The effort has the intention of making Cumberland feel like more of a destination and less a spot for traveling through. With the amenities added and the wider sidewalks, the stretch should be more appealing to pedestrians. With utilities and street-facing parking lots removed or hidden, the area will have a more upscale feel.

After focusing on the Jeff Speck video above and considering the article below, including the information contained in the graphic, I noticed, however, two obvious issues: There are no accommodations for cyclists and the lanes are twelve feet wide – the most dangerous width according to the articles above. Had the lanes been ten feet, four feet would have been gained. Several more feet would have been required for bike lanes and that footage appears to have gone to wider sidewalks and right-of-way concerns. I was told that given the inadequate footage for bike lanes, the vehicular lanes were made wider with the plan to have bikes and cars share the lanes.

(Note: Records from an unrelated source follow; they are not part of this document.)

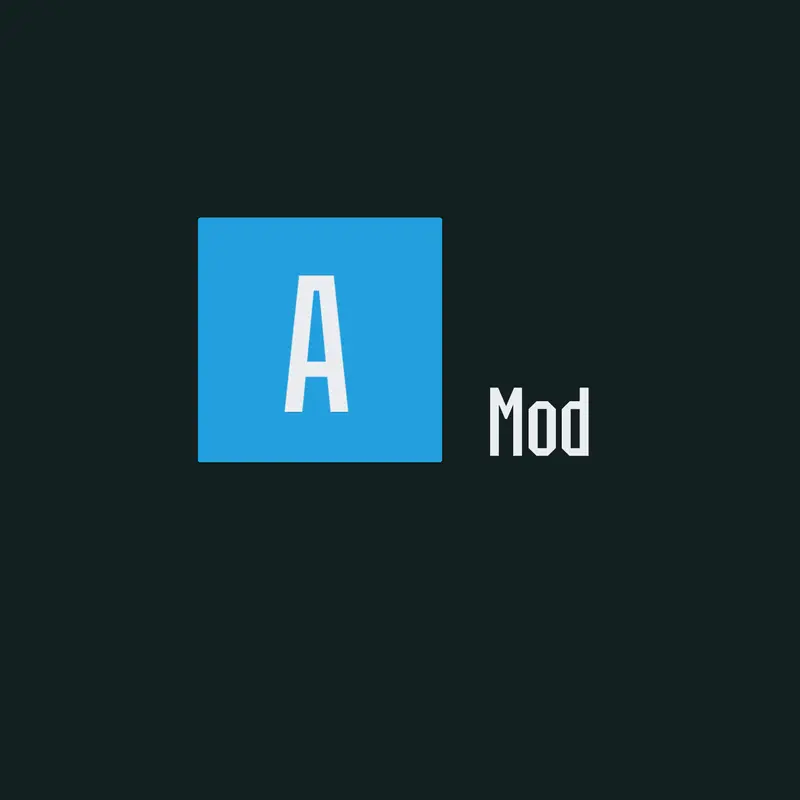 Gmod by @Ander312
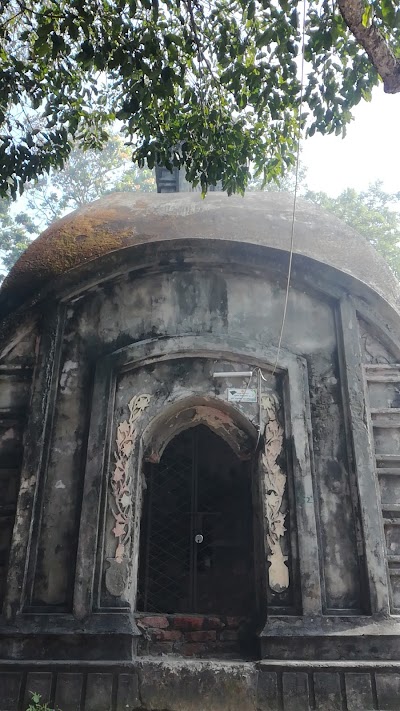 Photos of Hari Mandir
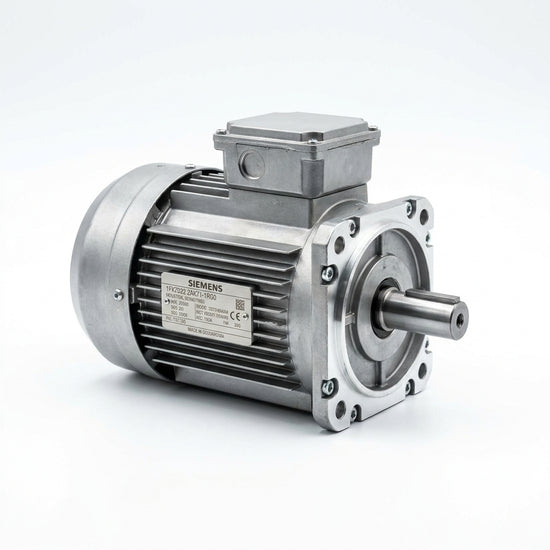 Siemens 1FK7032-2AK71-1RG0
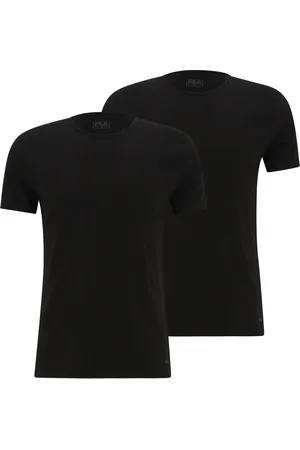 Fila Maillot de corps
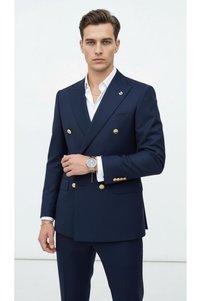Related product image Plus Scorpion Jackets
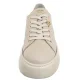 Sneakersy Karino Beżowe 5380/001-P - małe zdjęcie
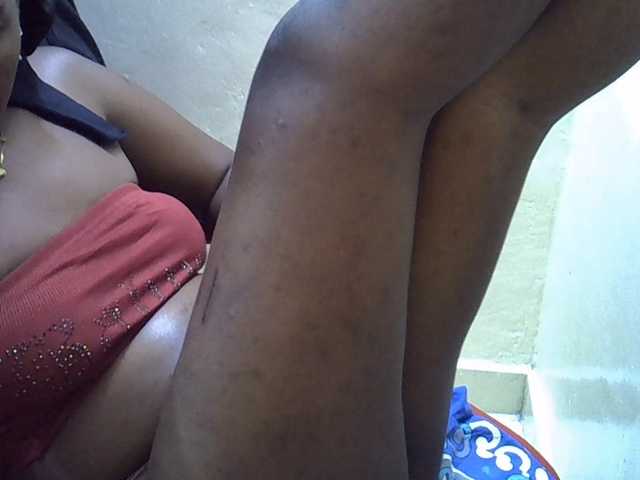 Nyangisexy1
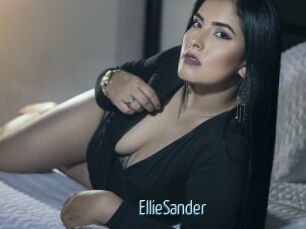 EllieSander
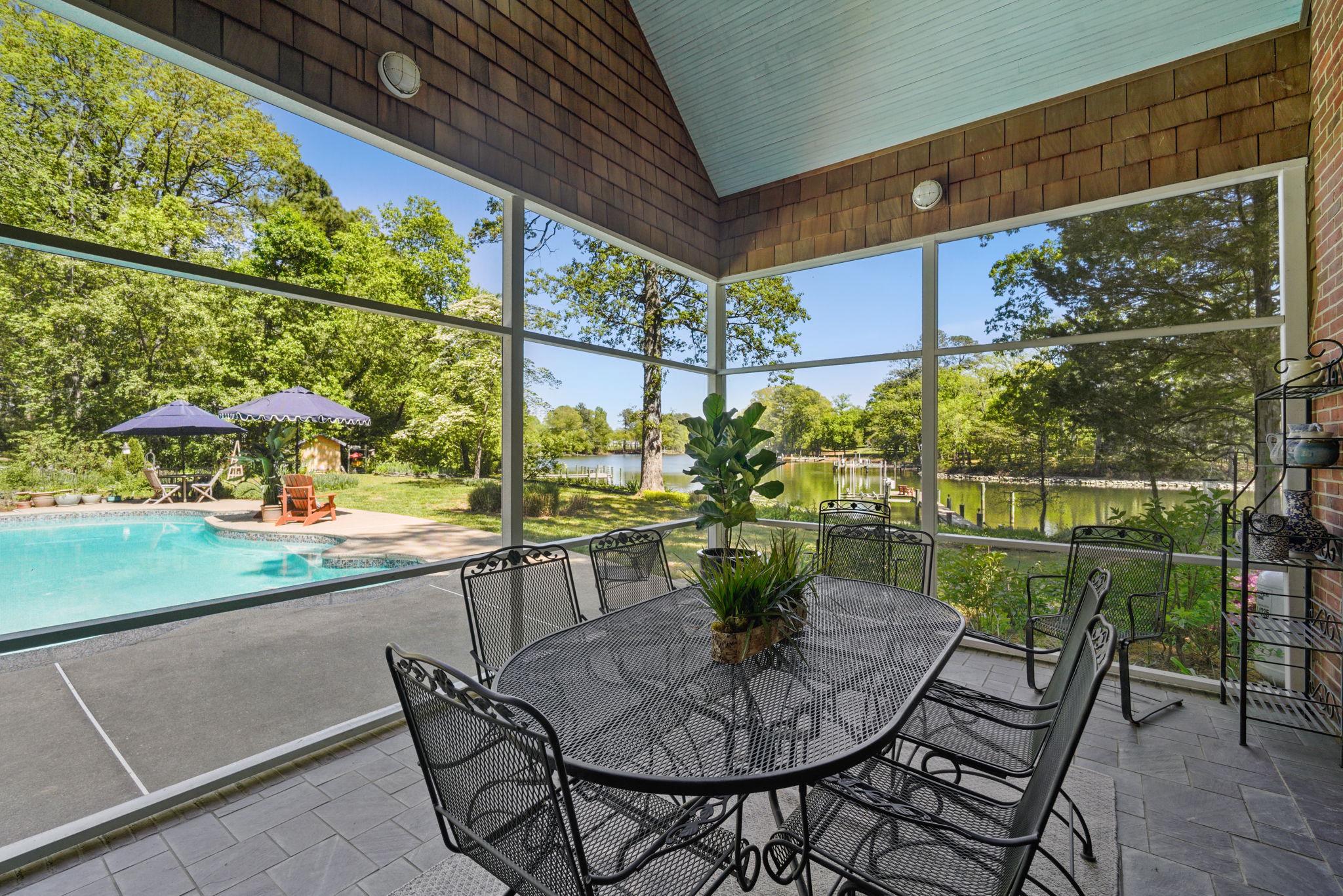  8075 Leehaven Road, Easton, MD, 21601 - 物件實景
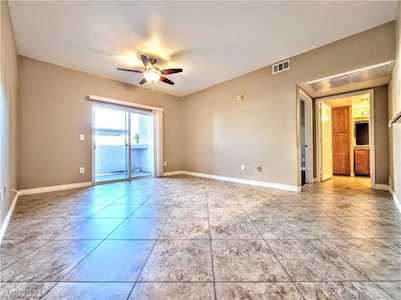7255 W Sunset Rd #1071 Las Vegas, NV 89113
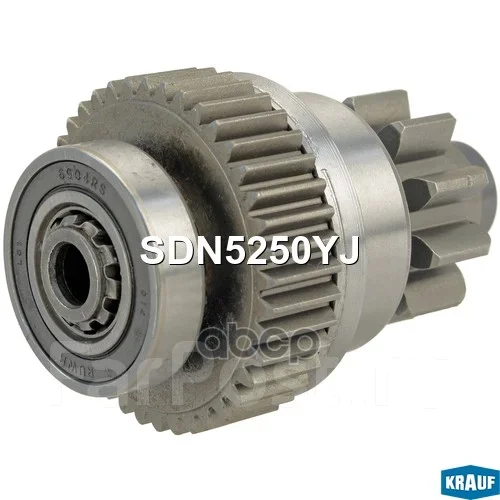 ������� �������� Krauf ���. SDN5250YJ SDN5250YJ ����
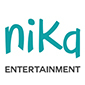 nika entertainment
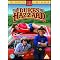Favourte films/TV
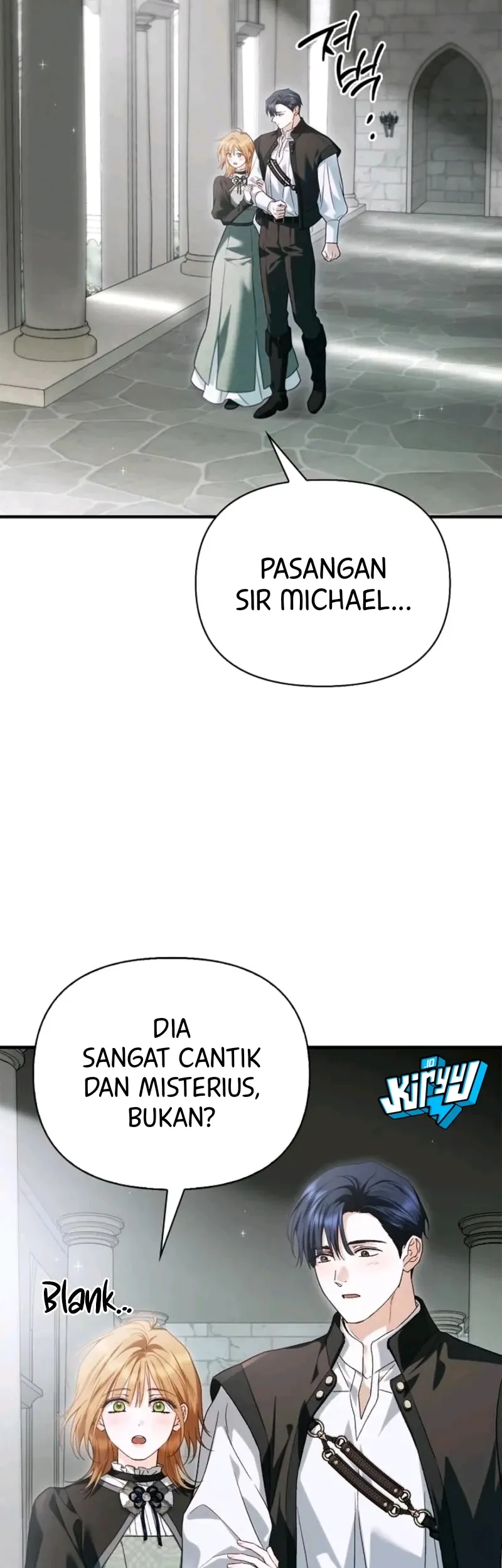 Chapter 15 - halaman 50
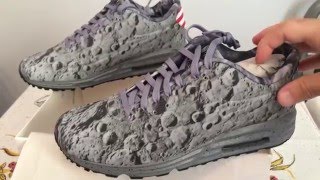 air max lunar 90 sp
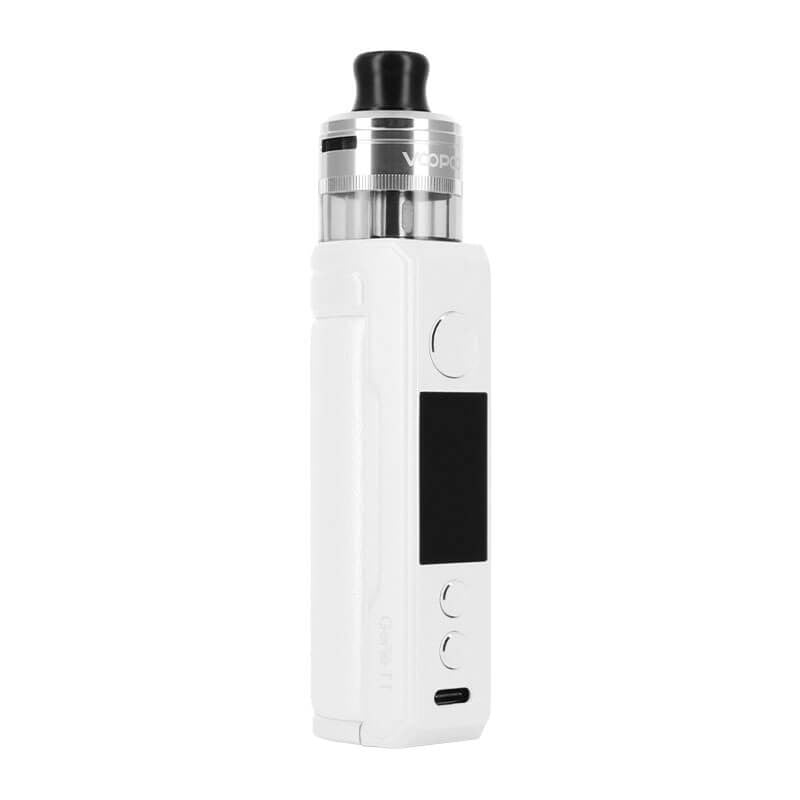 E-cig | Kit Drag S2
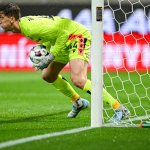 Wiegele verliert mit Pilsen gegen Levski Sofia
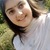 Shivani T.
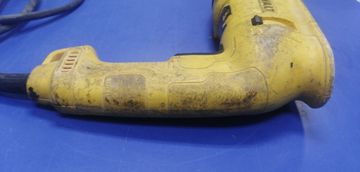 Б/в Перфоратор Dewalt d25033 01-200883877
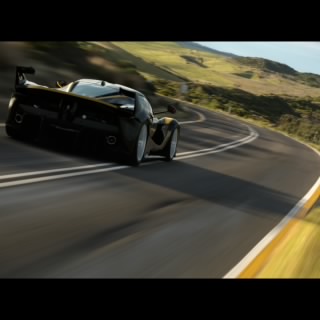 HYPER10N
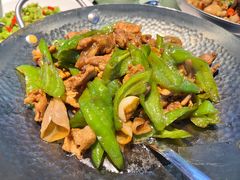 -三十九道湘·湖南菜(六道口店)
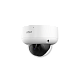DH-HAC-HDBW1801RAP-Z-A-S3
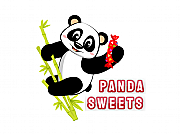 Panda Sweets logo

There is no doubt that the Cumberland Avenue area will be safer for pedestrians because there will be fewer lanes. It will be more pleasant for pedestrians because the sidewalks will be wider and the buildings closer, as opposed to being fronted by parking lots. Still, it seems unfortunate that bike lanes could not have been added to an area which probably contains the most potential cyclists in the city. It’s also a concern that vehicular lanes would remain at 12 feet when everything I read suggests that is the least safe width.